T Cell depleted AlloHCT
The use of T cell-depleted SCs may improve the incidence of GVHD and confer a benefit to mortality rates. However, this comes at the cost of efficacy and has been associated with increased disease relapse rate which has been linked to a reduction in the graft-versus-myeloma (GVM) effect (D'Sa et al., 2003).
T cell-depleted AlloHCT combined with DLI, has demonstrated progression-free survival of up to 65%, however significant treatment-related toxicities limit the scope of patients able to receive such therapy (Alyea et al., 2001).
Myeloablative induction is not routine (Lokhorst et al., 2010) and is often only considered for younger MM patients that are classed as having a high relapse risk, have identified an HLA-matched donor and understand and accept the associated high mortality (Rajkumar, Kyle and Connor, 2018).
Non-myeloablative induction therapies rely on the donor’s cellular immunity. They have shown improved treatment-related toxicity and mortality rates as low at 11% (Lokhorst et al., 2010) However, this comes at a cost to efficacy and the higher relapse rates seen when compared to myeloablative AlloHCT (Kumar et al., 2011).
AutoHCT followed by non-myeloablative AlloHCT
The GVD effect is clinically significant and represents a good outcome, it is associated with improved survival, especially in cases where chronic GVHD has occurred (Crawley, 2005). As with myeloablative AlloHCT, the best outcomes are seen with early intervention. As such, a number of treatment protocols recommend AutoHCT followed by non-myeloablative AlloHCT (Bruno et al., 2007).
A meta-analysis analysing over 1800 patients over 6 prospective trials, compared a double AutoHCT against a single AutoHCT followed by non-myeloablative AlloHCT. And found the AlloHCT had a 3.3 greater relative risk of treatment-related mortality with a comparable OS both before and after 36 months (Armeson, Hill and Costa, 2012).

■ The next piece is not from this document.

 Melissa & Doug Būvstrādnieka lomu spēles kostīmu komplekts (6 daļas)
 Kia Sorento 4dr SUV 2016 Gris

Despite the main clear advantage of AlloHCT over AutoHCT is that it is potentially curative, alongside additional advantages of allogenic grafts being uncontaminated with disease or MGUS/SMM cells and the additional, important treatment benefit of the GVM effect (Mehta and Singhal, 1998), it is not often utilised. Primarily, due to toxicities, treatment-related mortality, and the increase in GVHD. The adverse effects are not balanced by a clear increase if efficacy over AutoHCT and chemotherapy (Barlogie et al., 2006). Furthermore, the ineligibility of many patients based on age or co-morbidities limits the scope of AlloHCT as the gold-standard MM treatment protocol.

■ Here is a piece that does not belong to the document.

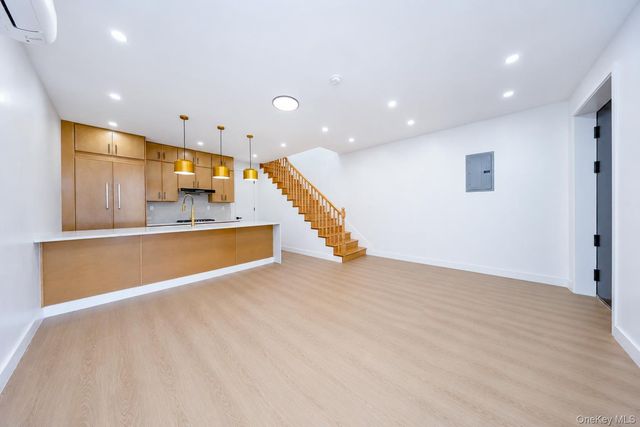 25 Goodwin Place, Brooklyn, NY 11221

Non-myeloablative AlloHCT may provide a solution but, this fundamentally relies on the GVM effect from the donor and is often associated with increase in GVHD. As such, overall outcomes from this are inconclusive and equally suffer from high treatment-related mortality, and toxicity (Krishnan et al., 2011). To this end a treatment of chemotherapy followed by AutoHCT is the gold-standard treatment for patients with MM, Older patients may require altered induction therapy prior to AutoHCT due to adverse effects of the chemotherapy (Rajkumar et al., 2020) despite almost all patients experiencing disease relapse and requirement for maintenance therapy.
The general patient population tend to be in their advanced years and therefore, toxicity, mortality and quality of life must all be carefully balanced. Ultimately, the decision to perform any type of HCT must largely be driven by patient values, preferences, and mitigation of harm. The pursuit of treatments which simply demonstrate great clinical efficacy is not always the most desired course of treatment for patients.